▶ Data supplied
****************
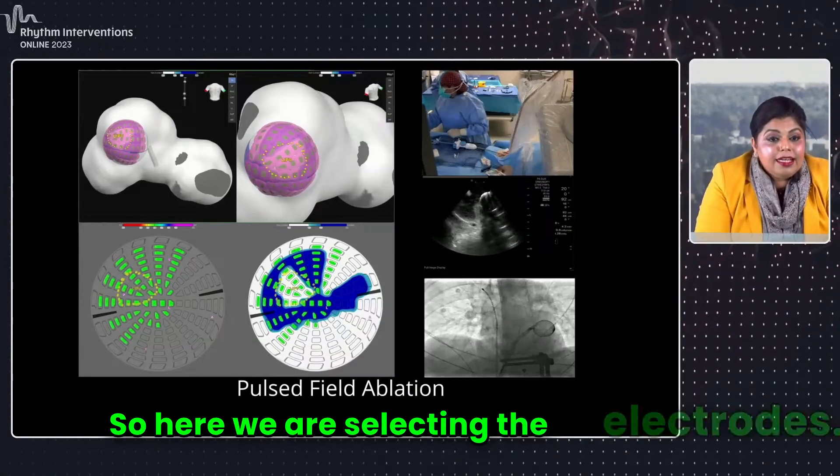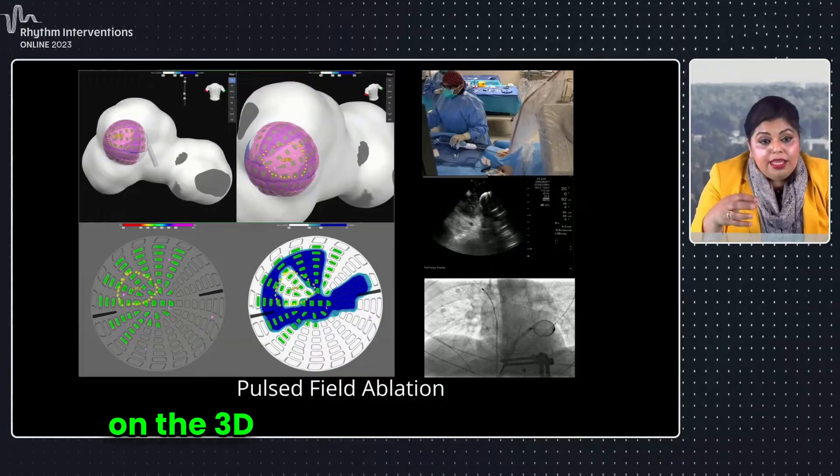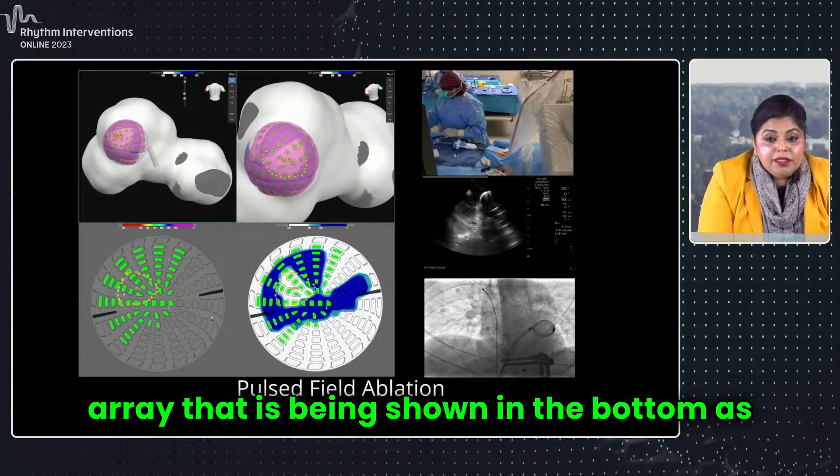Here we are selecting the electrodes. You can see it on the globe, you can see it on the 3D map, and you can see it on the array that is being shown at the bottom as well.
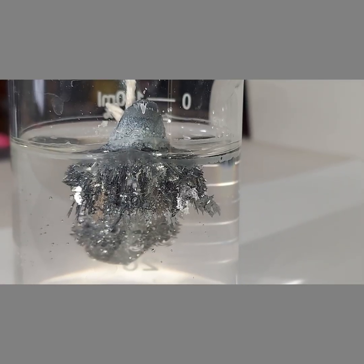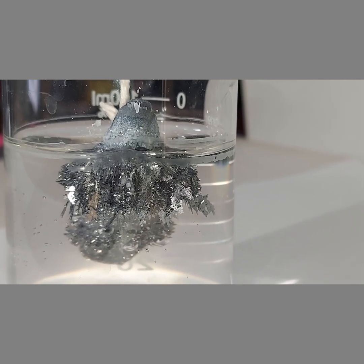This is around 20 hours later and we can clearly see the lead crystals drooping down just like they're supposed to.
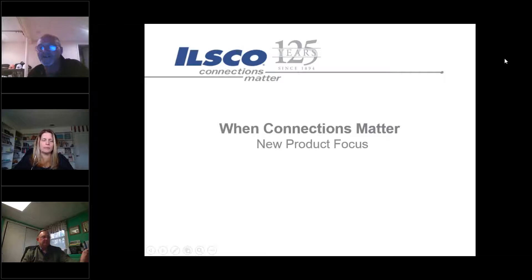Just so everybody on the call can hear - we're going to keep everybody muted and we'll start in a minute. If you have any questions, feel free to type them in so we can answer them throughout the presentation. Otherwise we will unmute everyone at the end to answer any questions you might have.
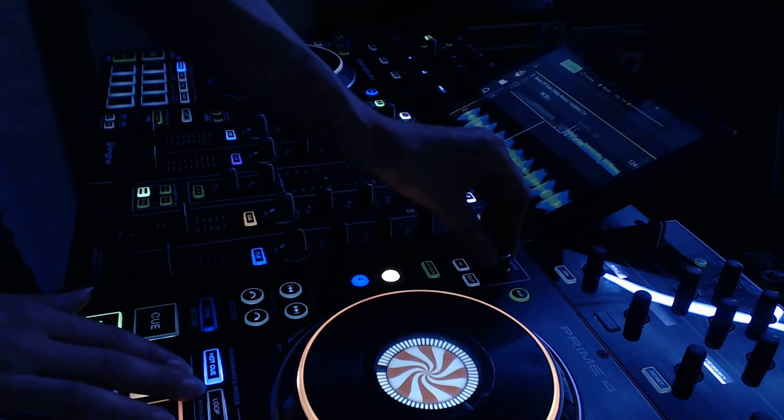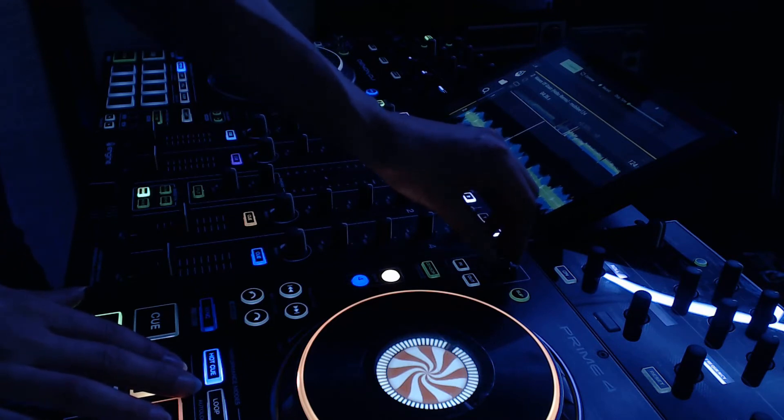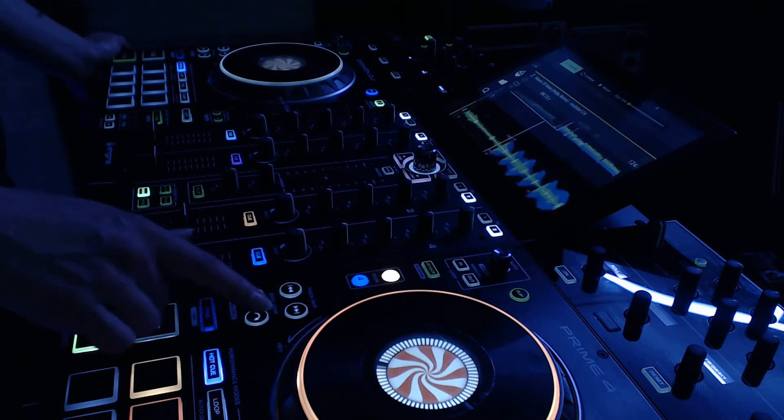This is the knob that controls loops, but it also controls the beat jump and can go all the way up to 64, when the regular guys can go only up to 16. These buttons control the direction of the beat jump.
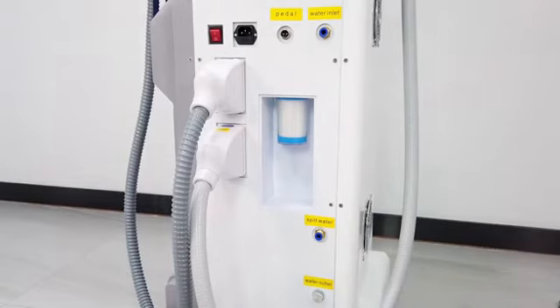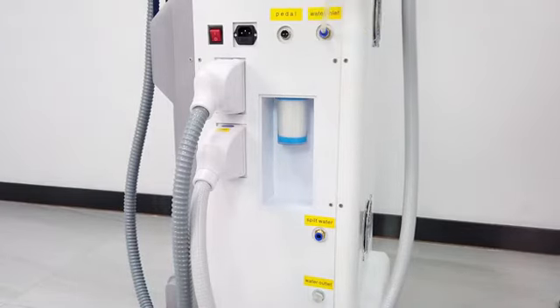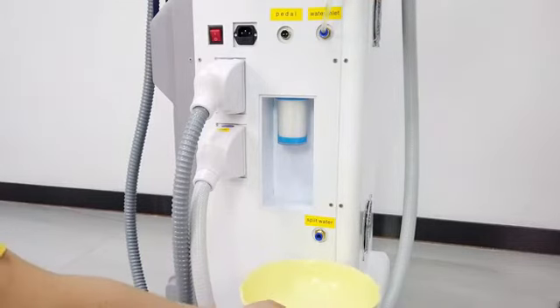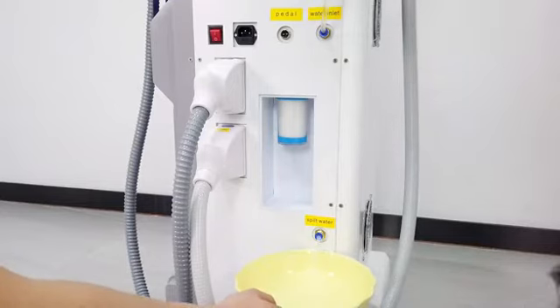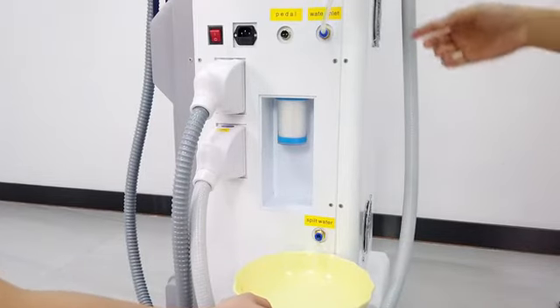Now we find a funnel and insert it in the water inlet and add the water. The water must be distilled or pure water. When we see the water come up from the spill water hole, it means the water is full and we can stop adding the water.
****************
▶ What the task asks
Within the listing above, print exactly the stretch beginning at the line that contains "Just so everybody" and finishing at the line that contains "This is the", ends kept, pictures left out, and nothing more.

▶ Solved exercise
Just so everybody on the call can hear - we're going to keep everybody muted and we'll start in a minute. If you have any questions, feel free to type them in so we can answer them throughout the presentation. Otherwise we will unmute everyone at the end to answer any questions you might have.
This is the knob that controls loops, but it also controls the beat jump and can go all the way up to 64, when the regular guys can go only up to 16. These buttons control the direction of the beat jump.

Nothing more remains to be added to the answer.